“Delightful!”

That was the very first word I uttered upon closing the back cover of Patrick Barkham’s The Butterfly Isles; A Summer in Search of Our Emperors and Admirals. It was repeated almost immediately thereafter preceded only by the single additional word “absolutely.” It is a book about a delightful subject, butterflies, written in a delightfully intelligent style that mixes just the right amount of erudition, drama, and humor, which in turn made it an absolute delight to read.

I first discovered that butterflies need not be captured to be both identified and studied back in 2002 during, somewhat ironically, the North American Ornithological Congress, held that year in New Orleans, Louisiana in conjunction with Tropical Storm Isidore. Following the storm’s passing, Clay Taylor and Jim Danzenbaker, two birders of international reputation who have since risen to positions of considerable authority and respect in the optical firms of Swarovski Optik North America and Kowa Optimed respectively, deigned to take me, a relative neophyte compared to both of them, into Audubon Park to see what the winds had quite literally blown in.

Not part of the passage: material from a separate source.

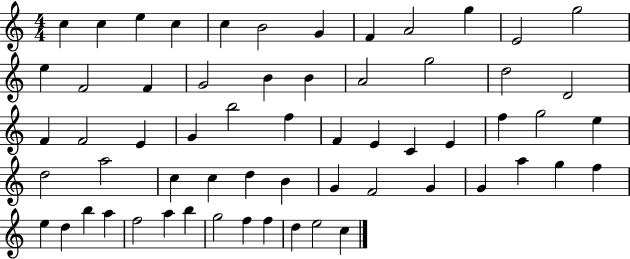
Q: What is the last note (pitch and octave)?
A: C5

During our walk through the park, Clay suddenly turned his head to the side, stared briefly at something I could not see, and casually muttered “Cloudless Sulfur.” While I knew that I was relatively new to bird watching, I was at least confident that I had learned the names of the birds on the U.S. area list. This meant that either this was a bird from outside the area – which begged the question as to why he didn’t stop for a longer look or why Jim didn’t seem particularly interested – or that I was not quite so well versed in U.S. Birds as I thought I was.

“A what?” I replied.

“Cloudless Sulphur” repeated Clay, “A butterfly. I’m learning to identify them on site in the field.”

In this one brief moment I learned that butterflies had very peculiar common names, that they could be identified while alive just as birds could, and that I had just discovered another all-consuming nature-related passion that would cause the topics of my casual conversations to become even more perplexing to my beloved and ever patient wife, as well as most of our friends.

None of this, of course, would likely have been the least bit surprising to Mr. Barkham – except perhaps the fact that it took me until my mid thirties to discover butterflies. He had the benefit of a head start as a boy standing with clipboard proudly in hand by the side of his father, a teacher of environmental science and an avid naturalist who was his mentor and fellow enthusiast from whom he was to learn and with whom he was to venture out into the fields in search of butterflies until he reached adulthood when the demands of the world pushed the pursuit of these winged wonders to the margins of his life – at least for a time. Which is where the main storyline of the book begins.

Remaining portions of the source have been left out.